Peter the Spy: Imitatio Christi Versus Imitatio Mundi

Every year during Holy Week, we re-encounter the characters of the Passion narrative: the women weeping on the via Crucis, Judas and his 30 pieces of silver, Pontius Pilate with his deep concern with clean hands, soldiers rolling dice for a ragged robe, the good thief asking only to be remembered. Each year, as we watch the story play out, we watch Peter denying Jesus three times before the cock crows. I want to spend a little time with the Peter of Holy Week because I think he has something to teach us about imitating Jesus instead of the world.

Augustine in Sermon 296, speaks of Peter as “Blessed Peter, both lover and repudiator of the Lord Jesus Christ.” Peter is so hapless—a ragtag believer—who one moment is walking on water and the next drowning, one moment being called the Rock of the Church and the next being called Satan. Peter’s vacillation does not end after the Pentecost. Paul goes to Peter after his conversion for guidance; Paul also goes to Peter to critique him to his face for faltering in bringing the gospel to the Gentiles. Peter, the lover and repentant repudiator, is the Peter who gives me hope and guidance.

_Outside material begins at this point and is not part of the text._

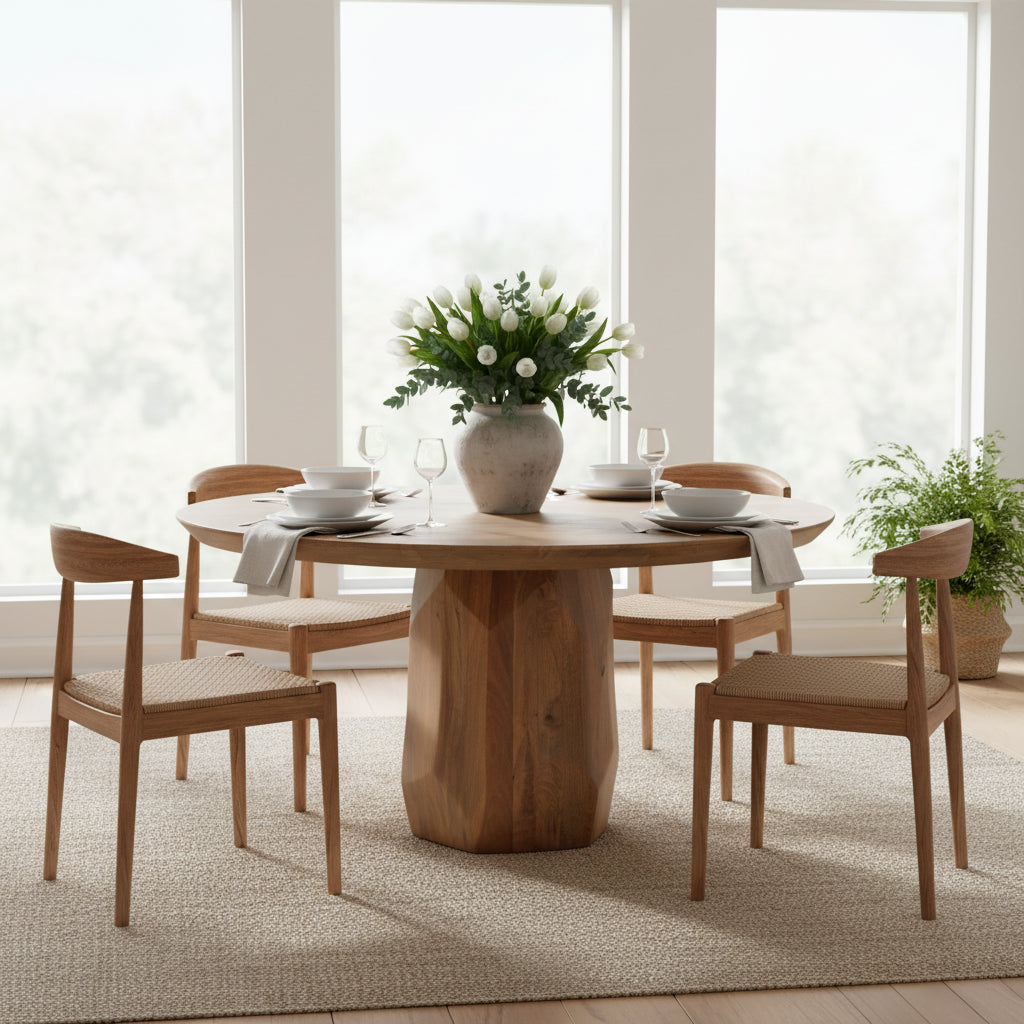 Fitzgerald 60 Light Brown Wood Dining Table - 60.0L x 60.0W x 30.0H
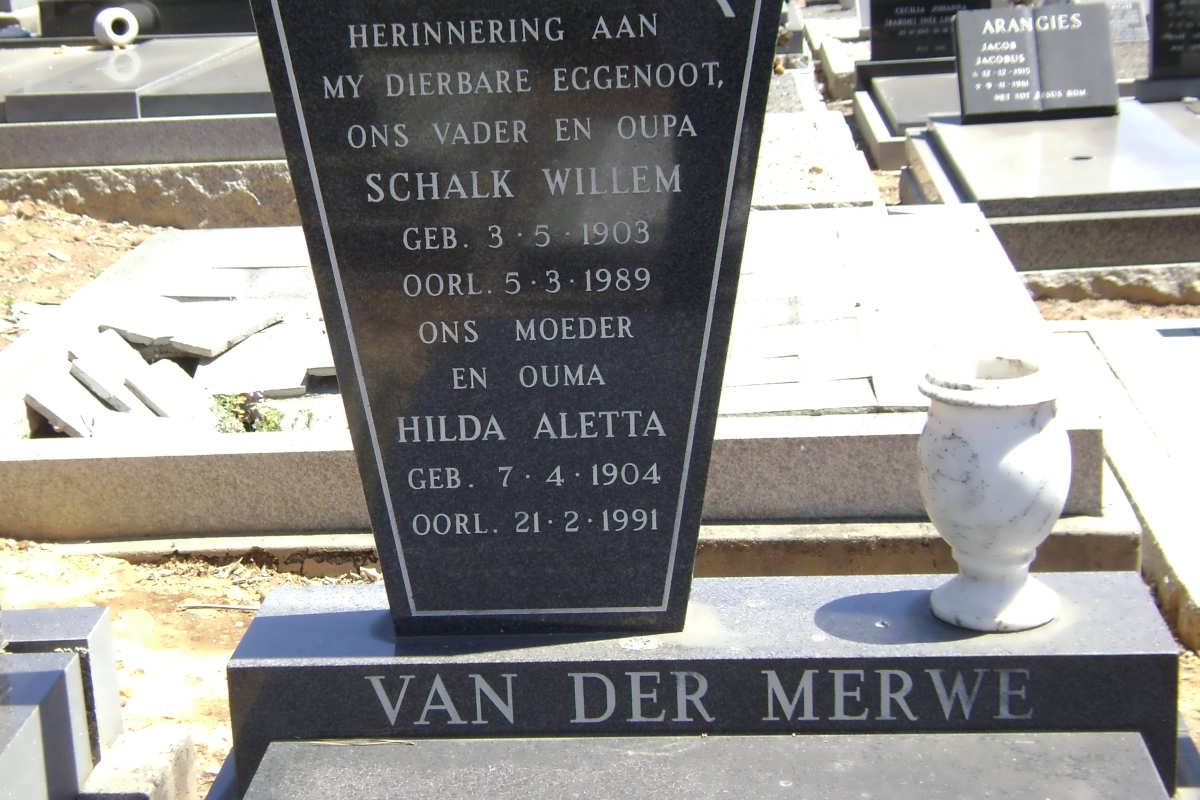 MERWE Schalk Willem, van der 1903-1989 & Hilda Aletta 1904-1991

For I too am a lover and repudiator of Jesus. I hear the Gospel message of love and thirty minutes later I flip someone off. I so often go wrong and end up like Peter in the garden and courtyard because I respond to the world by imitating the way the world works. If we spend some time with Peter on the via crucis, we might learn about the ways we repudiate Jesus by falling in with the crowd and their ways. I hope in spending time with Peter—in the garden, in the courtyard, and at breakfast with the Risen Christ—to learn from his false virtues and so discover how to be an imitator of Jesus who takes up his methods of peace, healing, and mercy.

The “Cowardice” of Peter

A standard take on Peter’s three denials is that they were motivated by cowardice. He was too afraid to testify that he was a follower of Jesus. For instance, Augustine wisely sees that Peter’s flaw was his over-promising. “He promised he would die for Him, and he wasn’t even able to die with Him; he had staked more . . . than his credit could stand.” Peter thought he could depend on himself, which for Augustine is the original human sin. However, Augustine thinks that this over-promising is undermined by fear. “That was why he was afraid and denied Christ.” Augustine is my guide for most matters in life but seeing Peter as motivated by fear just seems wrong. If his denials were based in fear, why not leave after the first one?

It is tempting to think of Peter as a coward. The reader of the Gospel can think of Peter’s cowardice while positing their own likely courage. Rene Girard, in I See Satan Fall Like Lightning, sees exactly this desire at work in our interpretations of Peter. By looking at Peter as an individual failure, we tend to think that “in Peter’s place we would have responded differently; we would not have denied Jesus.”

This tendency is grounded in a false sense—held by Peter and by us—that we can, by ourselves, achieve independence from the crowd and so not be drawn into the ways of the world. The tendency is what leads us to see Peter as a coward and so fail to see that it is Peter’s “virtue” that leads him to betray Christ. Centering our reflection on personal morality, we see cowardice rather than the glittering vice of self-sufficient courage. We cannot see that Peter’s failing is relying on himself and so falling into a pattern of imitating the world.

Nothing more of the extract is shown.